November 3, 2021
Alcohol and thiamine
Thiamine, also known as vitamin B1, is an essential nutrient used by the body to convert food into energy.
Thiamine takes the fats, proteins and carbohydrates we consume and uses them to fuel functions of the heart, nerves and brain.1
Because the body cannot produce thiamine, it must be consumed through foods like:
- whole grain products such as cereals, rice, pasta, and flour
- wheat germ
- beef and pork
- trout and bluefin tuna
- legumes and peas
- nuts and seeds.2
Smaller amounts of thiamine are present in fruit, vegetables and dairy products.2
Thiamine is also added to food products like bread and is available as a dietary supplement.3
Thiamine deficiency, although rare in most developed countries, is common in people who drink excessive amounts of alcohol.
Up to 80% of people with an addiction to alcohol develop thiamine deficiency.1
Heavy alcohol use causes inflammation of the stomach lining and digestive tract, which reduces the body’s ability to absorb vitamins. Poor dietary choices and a lack of nutrition also rob the body of essential vitamins.4
Thiamine deficiency can cause:
- loss of appetite
- blurry vision
- changes in heart rate
- nausea and vomiting
- reduced reflexes and tingling sensation in the arms and legs
- shortness of breath
- muscle weakness.1,5
Other people at risk of thiamine deficiency include older adults, people who’ve had bariatric (weight loss) surgery, and people with HIV/AIDS or diabetes.1
What happens if I’m thiamine deficient?
The early stages of thiamine deficiency often go undiagnosed as the initial signs – decreased appetite, constipation and fatigue – are non-specific.

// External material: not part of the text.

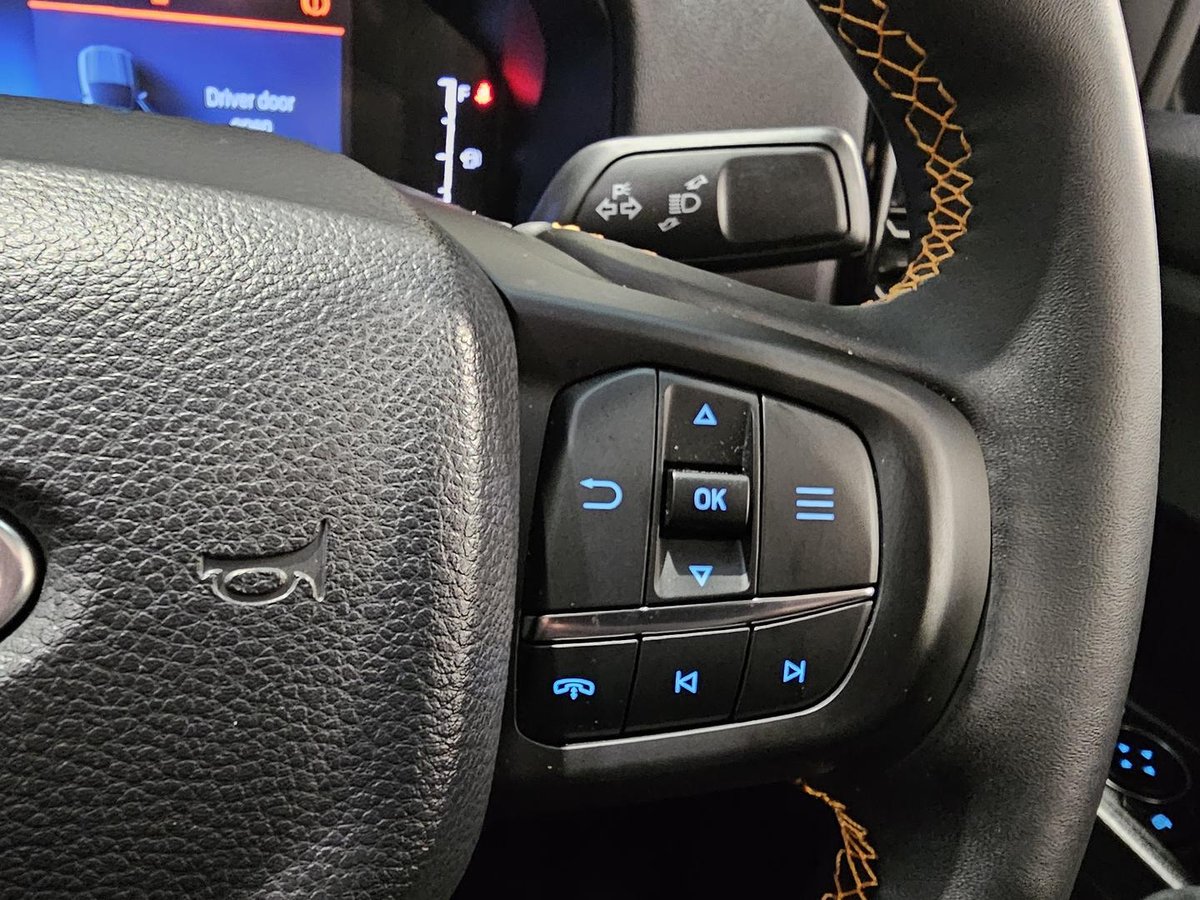 2026 Ford Ranger Wildtrak MY26.00 4X4 Dual Range image 19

If the body continues to experience a lack of thiamine absorption, it can lead to serious health conditions including beriberi and Wernicke-Korsakoff syndrome. Both conditions can be fatal if not treated.1
There are two types of beriberi - wet beriberi and dry beriberi.6
Wet beriberi affects the heart and circulatory system and in extreme cases can cause heart failure.6
Dry beriberi damages the nerves and can lead to decreased muscle strength and eventually, muscle paralysis.6
Wernicke-Korsakoff’s syndrome most commonly occurs in alcohol-dependent people.

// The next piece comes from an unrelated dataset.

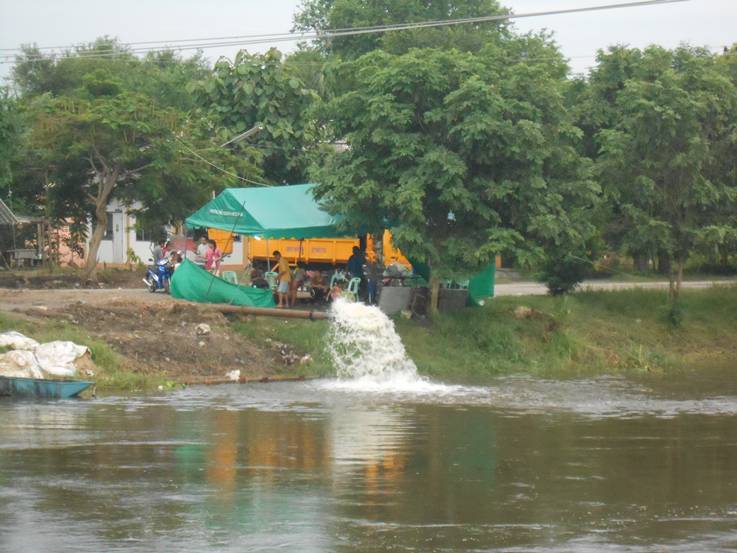 ช่วงนี้ลพบุรีพกอาวุธกันทั่วเมือง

This nerve and brain disease is made up of two conditions/phases – Wernicke encephalopathy, which occurs first and then progresses to Korsakoff’s syndrome.1
Wernicke’s encephalopathy is life threatening. Symptoms include:
- loss of memory activity
- loss of muscle coordination and leg tremors
- double vision, abnormal eye movements or eyelid drooping.1,4
Wernicke’s encephalopathy is usually reversible through treatment but can progress to Korsakoff’s syndrome - a chronic and disabling condition characterised by severe short-term memory loss, hallucinations and impaired ability to acquire new information.1
Treating thiamine deficiency
Thiamine deficiency can be treated by stopping alcohol consumption, eating a nutritious diet and by taking vitamin B1 supplements.1
However, diet and supplements alone are not effective if heavy alcohol use continues because alcohol will block absorption.
If you’re concerned about vitamin depletion as a result of drinking alcohol, talk to your health professional.
- National Institute of Health (NIH). Thiamin [Accessed 27 October 2021].
- Medline Plus. Thiamin [Accessed 27 October 2021].
- Food Standards Australia New Zealand. Thiamin levels in Australian breads: Results from the 2010 and 2012 national bread surveys Food Standards Australia New Zealand [Accessed 27 October 2021].
- Medline Plus. Wernicke-Korsakoff syndrome [Accessed 27 October 2021].
- Healthline. 11 Signs and Symptoms of Thiamine (Vitamin B1) Deficiency [Accessed 27 October 2021].
- National Health and Medical Research Council (NHMRC). Thiamin [Accessed 27 October 2021].